Dataset extract:
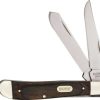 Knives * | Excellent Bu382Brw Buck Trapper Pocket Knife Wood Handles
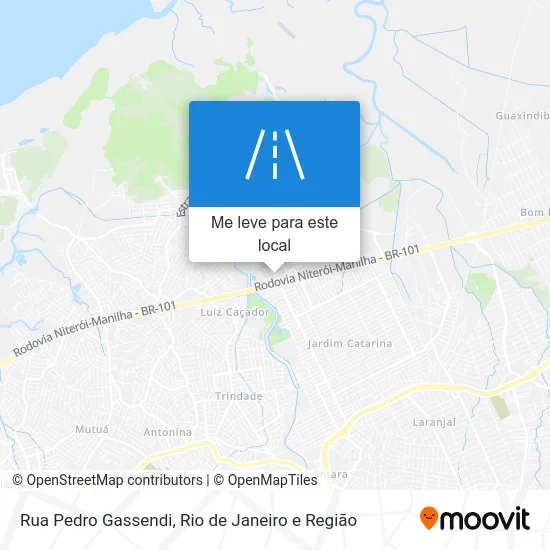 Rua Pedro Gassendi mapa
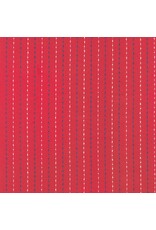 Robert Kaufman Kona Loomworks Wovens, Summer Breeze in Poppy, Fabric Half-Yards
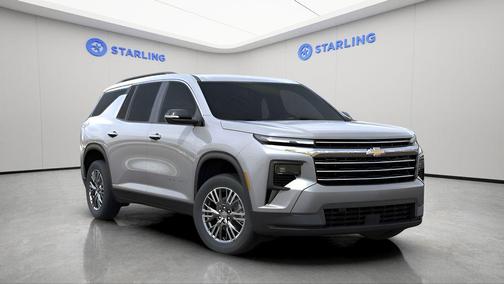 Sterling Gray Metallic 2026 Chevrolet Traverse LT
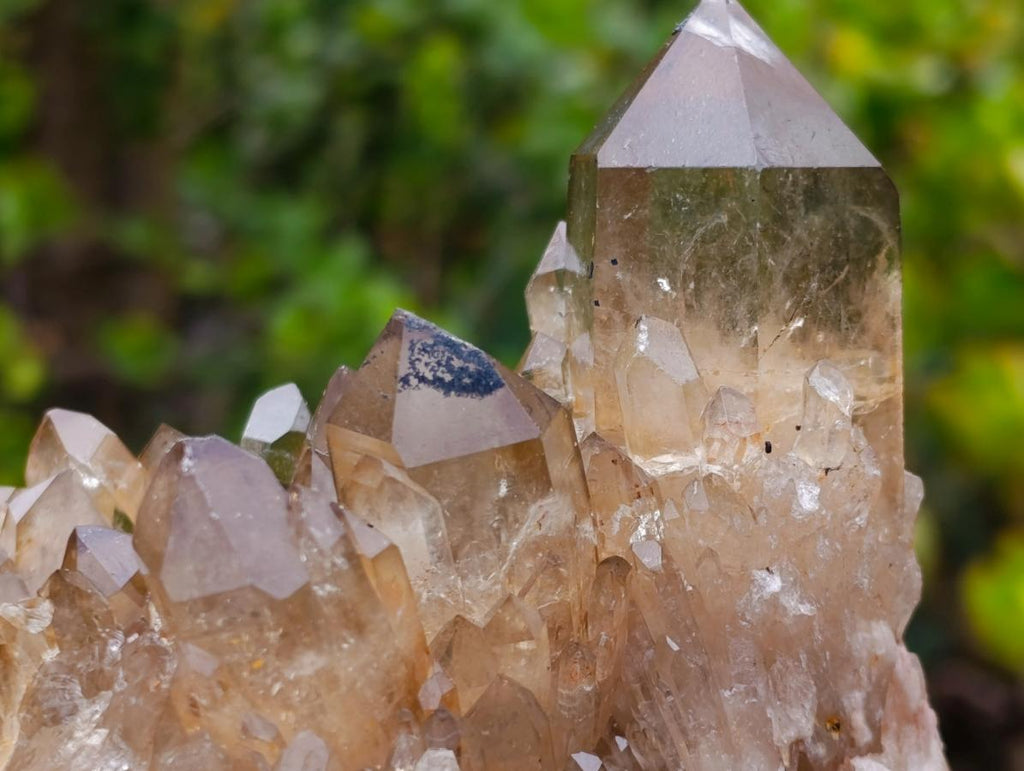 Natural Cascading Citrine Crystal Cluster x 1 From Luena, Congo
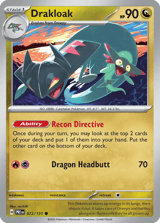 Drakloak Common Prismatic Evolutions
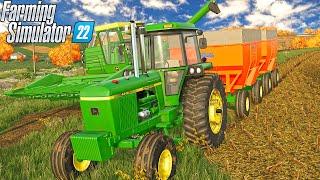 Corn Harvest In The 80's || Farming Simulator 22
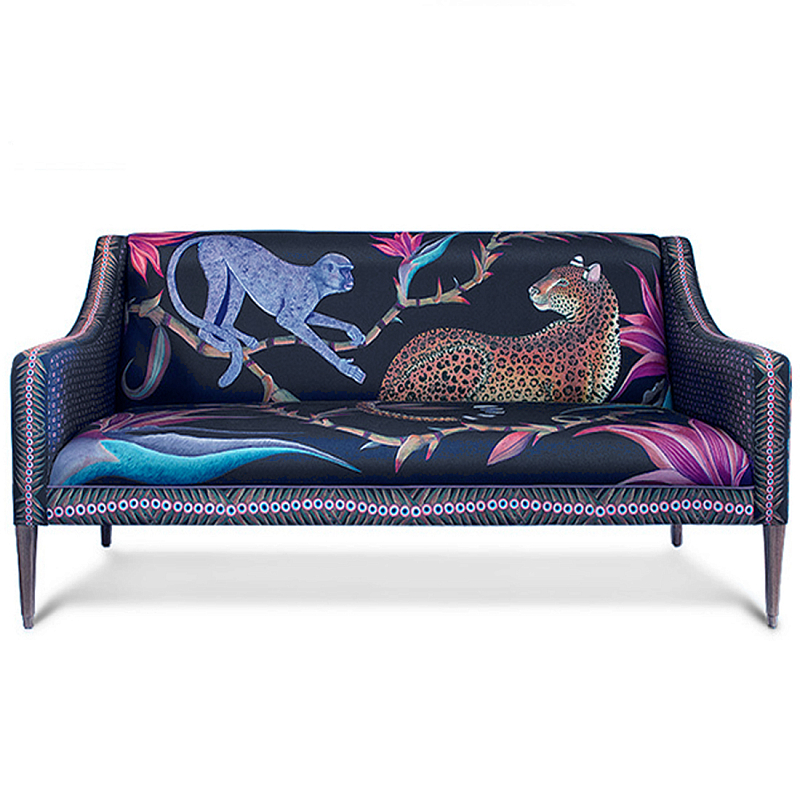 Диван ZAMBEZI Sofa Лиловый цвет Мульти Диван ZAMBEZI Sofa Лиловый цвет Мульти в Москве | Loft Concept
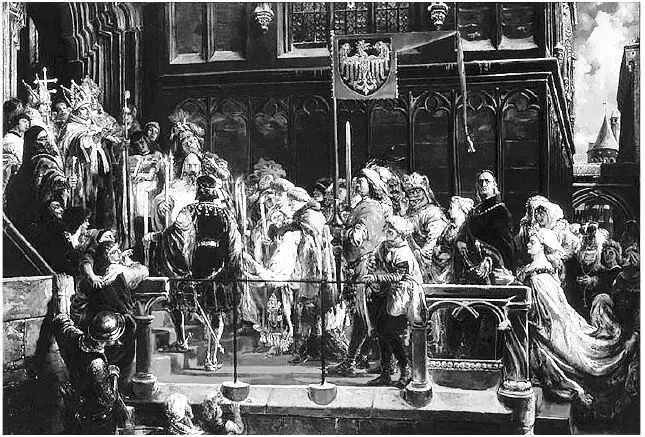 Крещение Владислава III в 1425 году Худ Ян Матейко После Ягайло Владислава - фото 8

Task requirements: Both ends included, copy word for word the lines from the top of the entries above through the line with "Natural Cascading Citrine". No pictures.

Answer below:
 Knives * | Excellent Bu382Brw Buck Trapper Pocket Knife Wood Handles
 Rua Pedro Gassendi mapa
 Robert Kaufman Kona Loomworks Wovens, Summer Breeze in Poppy, Fabric Half-Yards
 Sterling Gray Metallic 2026 Chevrolet Traverse LT
 Natural Cascading Citrine Crystal Cluster x 1 From Luena, Congo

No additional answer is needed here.